Past Training: FCSS Phase 3: Strengthening Inclusive Agencies
Course Description
Continuing to support FCSS-funded organizations with their Diversity and Inclusion capacity-building strategies, the Centre for Race and Culture, Multicultural Health Brokers Co-op, and Creating Hope Society have partnered. This collaboration helped the organizations advance the adoption and promotion of diversity and inclusion principles.
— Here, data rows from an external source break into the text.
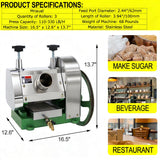 LGXEnzhuo Manual Sugarcane Juicer – Stainless Steel 3-Roll Juice Extractor with Large Crank and 2 Peeling Knives, 330 lbs/h High-Efficiency Press for Sugarcane, Ginger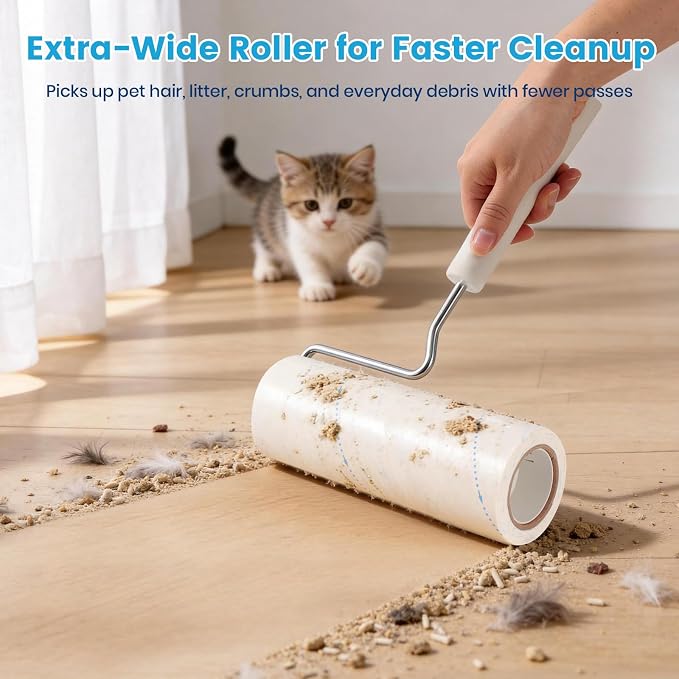 Extra Sticky Large Surface Lint Roller for Pet Hair, 500 Sheets | Easy Spiral Tear, 6.3" Wide Lint Roller, Cat & Dog Hair Remover for Clothes, Carpet, Giant Lint Remover with Storage Base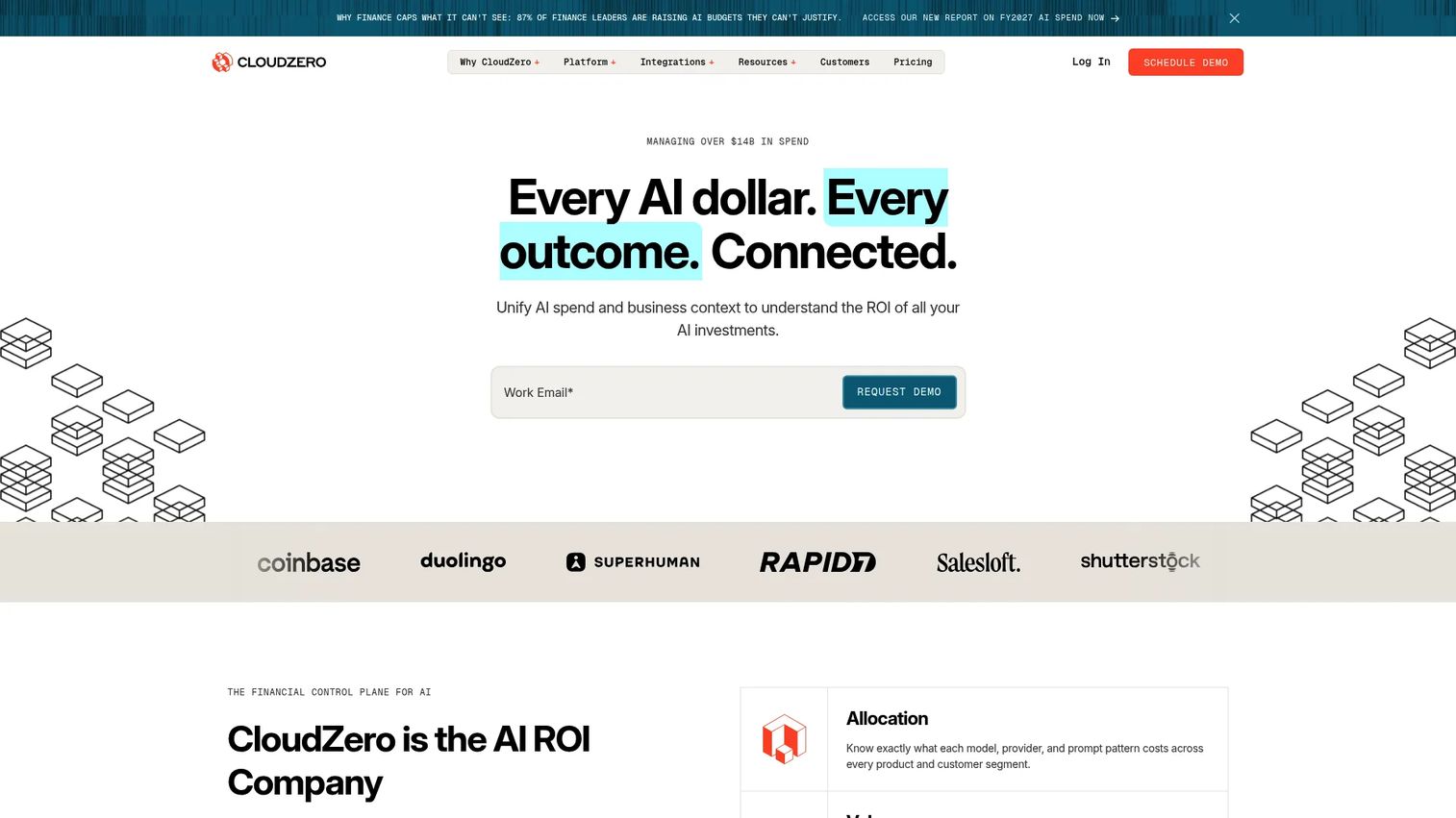 CloudZero cost intelligence dashboard for cloud delivery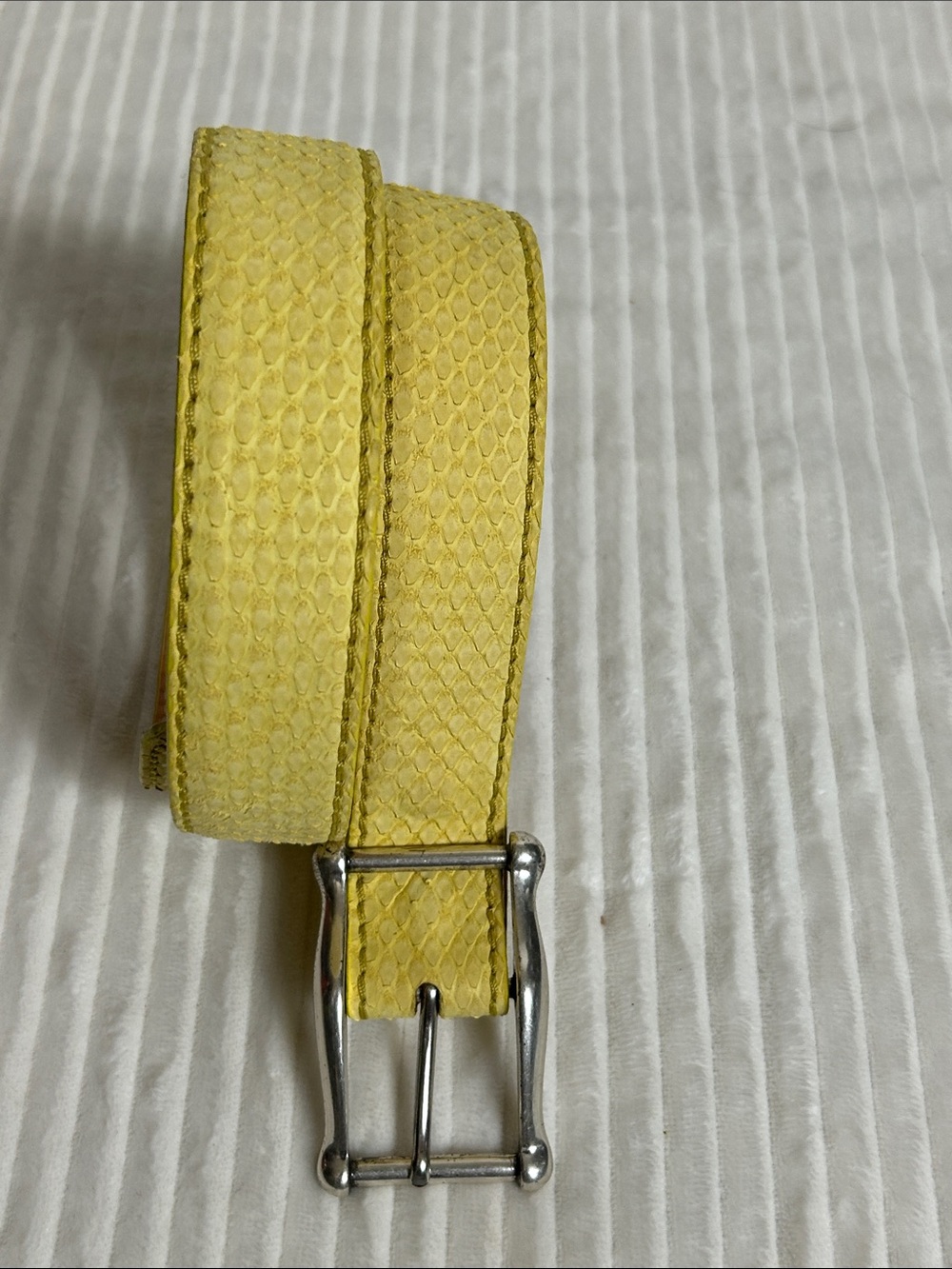 Vtg Reptiles House genuine python snake from Italy, lemon yellow leather belt M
The project plan progressed through the following steps and series of activities:
1. Organizational Assessment for Diversity and Inclusion Workshop
This interactive workshop reviewed the general concepts around diversity and inclusion (D&I) and provided examples of inclusive practices. Then we gave an orientation to the assessment tool. This tool presents a framework for understanding and assessing inclusion from a holistic standpoint, with a design to help organizations better meet the needs of diverse communities. The facilitators helped the participants work through questions to understand how the assessment identifies areas as target areas. This workshop is an opportunity for organizations to network and continue building their collective capacity to discuss and learn about D&I.
Note: We ask organizations to identify 2-4 individuals from their organization who can take the lead in conducting a self-assessment during and after the workshop.
2. Priority Identification
After completing their self-assessments, we ask organizations to identify their top two to three opportunities for the next step in developing their organizational D&I capacity. These are directly from the indicators on the self-assessment and the organization’s assessment of their areas of readiness. We then send complete assessments back to the project team to inform the next stage of activities.
3. Community of Practice Working Groups
In this stage, the project team partners organized working groups to bring together groups of agencies to achieve a common goal. These groups brought together organizations with shared priorities for D&I development into communities of practice, who met four times to work together towards completing an outcome over the remaining span of the project. We anticipated the creation of five working groups, organized into communities of practice with shared concerns such as:
- A working group for organizations identifying a priority area within the governance realm, such as policy development or board development.
- A working group for organizations that identify a priority area within the external realm related to connecting with communities and diverse groups, such as partnering with community organizations or understanding the needs of diverse individuals.
- A working group for organizations identifying a priority area within the external realm related to service delivery, such as program design or evaluation.
- A working group for organizations who identify a priority area within the operations realm related to staffing, such as hiring, promotion, and retention.
- A working group for organizations identifying a priority area within the operations realm related to communications, such as outreach and reporting.
- We supported each working group to develop an outcome relevant to their identified priority area, and that makes use of techniques that best suit that outcome.
4. Final resource sharing/ongoing Communities of Practice
At the close of the project, organizations joined a final sharing event that provided participants with compiled resources from all working groups across the project’s various working groups. This event allowed participants to access resources that may be of use to them in their next steps and reconnect participants to the wider network of agencies so that ongoing Communities of Practice can be formed and supported.